Cicéron disait dans le De Oratore qu'il faut traduire sens pour sens et non mot à mot. C'est certain, sinon on se retrouve avec du «petit nègre», comme on dit si mal... Donc la traduction suppose des choix : mais à quoi alors notre liberté dans ce choix est-elle indexée ?

On peut se reposer la question de la perfection de la traduction : certaines traductions en effet se sont imposées comme des oeuvres qu'on hésite vraiment à reprendre tant elles nous paraissent bonnes. Il en va ainsi de la traduction de Poe par Baudelaire, qui connaissait si bien l'écrivain américain qu'il a pu à la fois en rendre le sens et le style. Et pour la Bible en allemand, la traduction de Luther est une référence, comme l'était déjà celle de St Jérôme en latin, la célèbre Vulgate. Et tous deux avaient le même objectif : rendre la Bible intelligible pour le «vulgaire».

Martin Luther


Il semble bien que la perfection d'une traduction soit en fait liée au but qu'elle s'était fixé. En aucun cas le littéralisme ne peut être une solution : c'est l'«l'assassinat du texte», pour reprendre l'expression de Walter Benjamin (De Jonas à Jonas). On en vient donc à de véritables théories de la traduction : certains privilégient le sens, et c'est ce qui caractérise la plupart des traductions de la Bible en français, puisque si le texte hébraïque est versifié, le texte français est écrit en prose. La traduction des Psaumes est de ce fait révélatrice : la traduction liturgique s'est efforcée de rendre le texte chantable pour un Français, tandis que la Bible de Jérusalem ou la TOB proposent un texte qui n'a pas une telle visée. Inversement, la traduction qu'André Chouraqui a faite s'attachait bien davantage à rendre la simplicité du style de la Bible et surtout le caractère énigmatique qu'il a parfois, ce qui donne un texte illisible pour le grand public ou pour un office religieux, mais qui est plus fidèle à la forme même du texte. En cela, Chouraqui appartient à l'école de traduction prônée par Henri Meschonnic4, dans Pour la poétique II : garantir le rythme et l'oralité de la langue. On pourrait trouver beaucoup d'autres exemples : les hellénistes savent combien la traduction de Platon par Léon Robin (édition de la Pléiade) est parfois plus obscure que le texte grec et auront tendance à préférer celle de Monique Dixsaut pour le Phédon ou celle de Monique Canto-Sperber pour le Gorgias ; de même, si la traduction d'Homère par Jacquottet séduit par sa dimension poétique, celle de Bérard, plus prosaïque, reste une référence.

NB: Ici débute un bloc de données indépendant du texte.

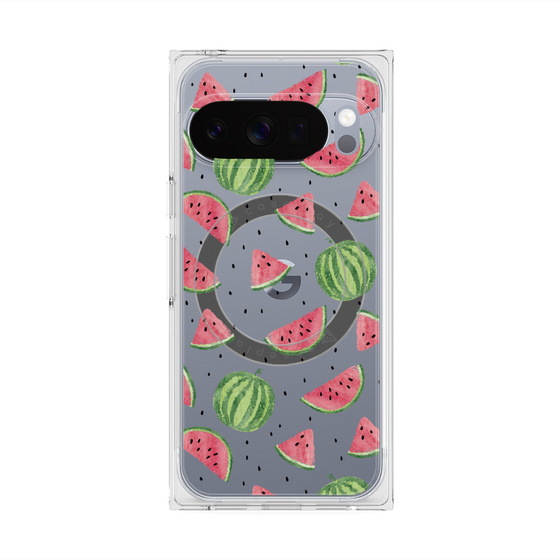 Premium Square Case with Pixelsnap［ Crayon Watermelon ］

Le danger, là encore, est de s'éloigner beaucoup du texte original pour vouloir faire son propre morceau de bravoure. C'est une pratique qui a eu vent en poupe les siècles précédents : toutes ces traductions sont connues comme les «belles infidèles». Nous devons cette expression au traducteur français du XVIIième siècle Nicolas Perrot d'Ablancourt. Les traductions se font libres, au point que parfois on peine à reconnaître le texte original. On assiste à une véritable recréation littéraire qui peut même changer le sens de l'oeuvre de départ. On prendra comme exemple la traduction que Gérard de Nerval a proposée du Meisterwerk de Goethe, Faust (première version). Il existait déjà quelques traductions auparavant, mais les romantiques français s'enthousiasmeront pour l'oeuvre de Nerval, qui tient plus de l'adaptation que de la traduction ; c'est ainsi que Berlioz, pour sa Damnation de Faust, retiendra la version nervalienne plutôt que le texte de Goethe !

De Babel au Cénacle



L'infini du sens engendre donc l'infini du possible des traductions. Une sorte de gigantesque tour de Babel pour accéder à la perfection de la traduction... Car rechercher la perfection d'une traduction quand on est face à la Bible, n'est-ce pas une certaine forme d'orgueil ? Et le texte même de la Bible n'est-il pas déjà un amoindrissement de la parole divine ? Je m'explique : lorsque Saint Jean nous fait part de la révélation qu'il a eue, il la formule en grec : disposait-il de sous-titres dans ce spectacle ? L'analogie est un peu brutale, mais le fait est là : le texte biblique fut écrit par des hommes qui avaient à leur disposition leur langue.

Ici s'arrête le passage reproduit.